Working with groups like ArtLink, Jones is fully aware of the fears of gentrification in Phoenix. The important thing, he says, is to combat gentrification with legislation that will prevent it. Currently, there are a few concrete programs already in place in Phoenix to support artists. The Downtown Artist Storefront program gives building owners downtown grants to work with artists to turn their storefronts into works of public art. The grant is given on the condition that the building is open to the public as an art gallery for a certain number of hours. Jones says more programs to support downtown residents are in the developmental stage

"The city is making a concerted effort to make affordable housing available to everyone," he says.

Jones says not losing sight of the larger picture of the arts community, which includes performance venues and museums, is also critical. Remembering all of those factors helps focus on the government's supporting role in developing culture, he says. Jones says he works with people like 23 and Boyer in groups like Downtown Voices and the Downtown Phoenix Artists' Coalition, in addition to other city agencies, to explore options like rent control and zoning overlays. While the solutions aren't clear, it isn't from any lack of effort on the city's part, says Jones.

"We're doing everything we can to make sure the arts stay a part of Phoenix," he says.

Kimber Lanning

Just a few blocks east of ASU's Tempe campus, Kimber Lanning stands behind the counter at Stinkweeds Record Exchange like she's manning the helm of a ship. In between chatting with customers, taking calls from artists and filling out paperwork, she manages to talk about her other love, Phoenix gallery and performance venue Modified Arts. Lanning is the owner of both.

"I saw that we had a great community of artists with no avenue to express themselves," she says. "I always believe in doing something, not sitting on the couch or moving somewhere else."

Lanning got off her couch in 1987, when she dropped out of the architecture school at ASU to work on Stinkweeds full time, and hasn't looked back since. Stinkweeds has gone from a store offering 16 CDs and Lanning's personal record collection to become a place for band performances and displays of local artists. Still, Lanning wanted to do more and, in 1999, she became the owner of Modified Arts on the corner of Third and Roosevelt streets in Phoenix. Lanning opened the building with a group of volunteers to help her run it, a practice she continues today with a staff of six. The venture has been successful enough to stay open, but is not a source of profit.

"Modified was always intended to be a community resource," Lanning says. "Not a business opportunity."

With the increased attendance at First Friday in the past six months, Lanning says she has actually seen sales go down.

"First Friday has essentially gone from a great community art walk to a block party," she says. "It's hard to focus on showing people around your gallery when you have to keep asking people to stop shouting and tell them to take their 40s outside."

Lanning and a few other gallery owners have switched their gallery openings to the third Friday of every month. While that may provide relief from undesirable crowds, Lanning is unsure of how to avoid what she sees as an inescapable reality -- that of gentrification.
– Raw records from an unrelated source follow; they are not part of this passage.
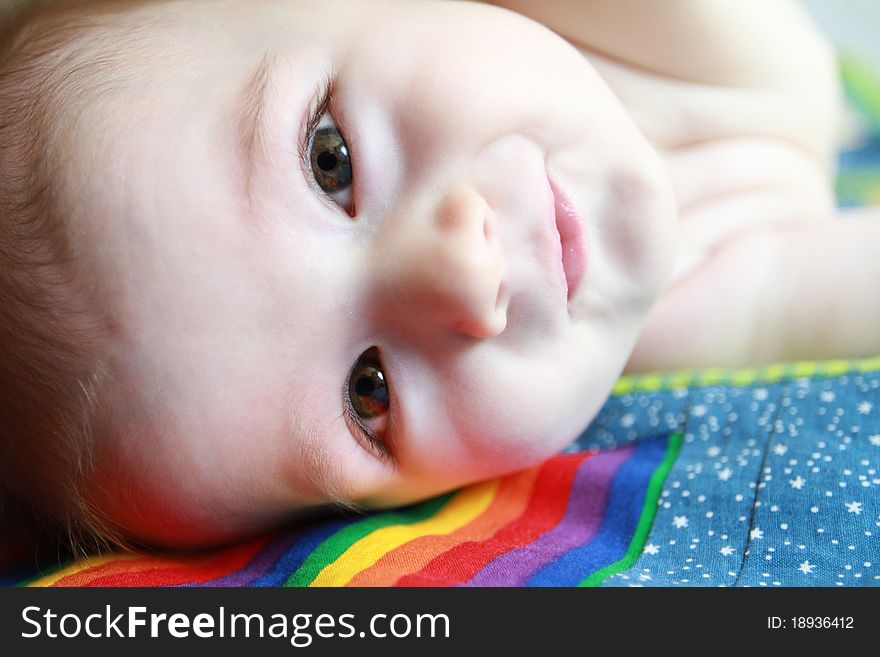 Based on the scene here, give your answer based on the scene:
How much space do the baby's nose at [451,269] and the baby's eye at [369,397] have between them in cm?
8

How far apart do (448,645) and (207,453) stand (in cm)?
36

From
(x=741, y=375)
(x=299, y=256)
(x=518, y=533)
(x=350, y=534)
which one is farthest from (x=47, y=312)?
(x=741, y=375)

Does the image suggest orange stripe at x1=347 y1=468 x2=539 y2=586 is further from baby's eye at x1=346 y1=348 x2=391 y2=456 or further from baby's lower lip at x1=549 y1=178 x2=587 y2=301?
baby's lower lip at x1=549 y1=178 x2=587 y2=301

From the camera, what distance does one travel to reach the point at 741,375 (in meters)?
1.20

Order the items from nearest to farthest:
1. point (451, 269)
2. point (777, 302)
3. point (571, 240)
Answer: point (451, 269)
point (571, 240)
point (777, 302)

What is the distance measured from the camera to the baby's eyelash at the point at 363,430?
99 cm

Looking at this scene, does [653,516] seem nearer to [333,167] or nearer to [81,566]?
[333,167]

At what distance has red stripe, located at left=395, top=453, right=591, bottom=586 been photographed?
0.82 metres

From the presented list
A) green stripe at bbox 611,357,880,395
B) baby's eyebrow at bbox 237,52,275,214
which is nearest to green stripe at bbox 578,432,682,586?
green stripe at bbox 611,357,880,395

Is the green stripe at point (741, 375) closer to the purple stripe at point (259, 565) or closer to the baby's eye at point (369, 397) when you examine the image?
the baby's eye at point (369, 397)

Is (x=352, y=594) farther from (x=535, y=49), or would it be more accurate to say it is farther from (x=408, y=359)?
(x=535, y=49)

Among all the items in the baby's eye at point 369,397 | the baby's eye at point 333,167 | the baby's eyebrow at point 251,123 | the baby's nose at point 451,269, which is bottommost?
the baby's eye at point 369,397

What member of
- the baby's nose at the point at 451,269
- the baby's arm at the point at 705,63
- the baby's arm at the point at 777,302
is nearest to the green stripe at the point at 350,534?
the baby's nose at the point at 451,269

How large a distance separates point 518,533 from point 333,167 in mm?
442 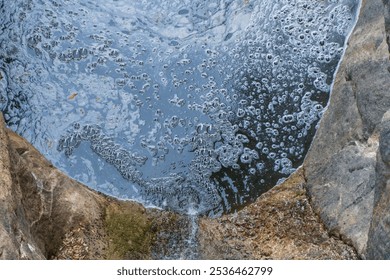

"Artists come in and fix up a part of town that no one else finds value in," she says. "And then they are forced to leave as businesses move in."

Lanning expects an additional challenge from the expansion of ASU to its Downtown campus, a part of the New American University plan proposed by ASU President Michael Crow. Modified Arts sits right by the proposed location and Lanning says she has seen property bought up all around her, and has no intention of leaving.

"I'm going to stay and fight," she says. "There's an organic aspect to the way things developed here, and I think you'd lose that if you just relocated everyone and tried to force something like this. And I think that's important."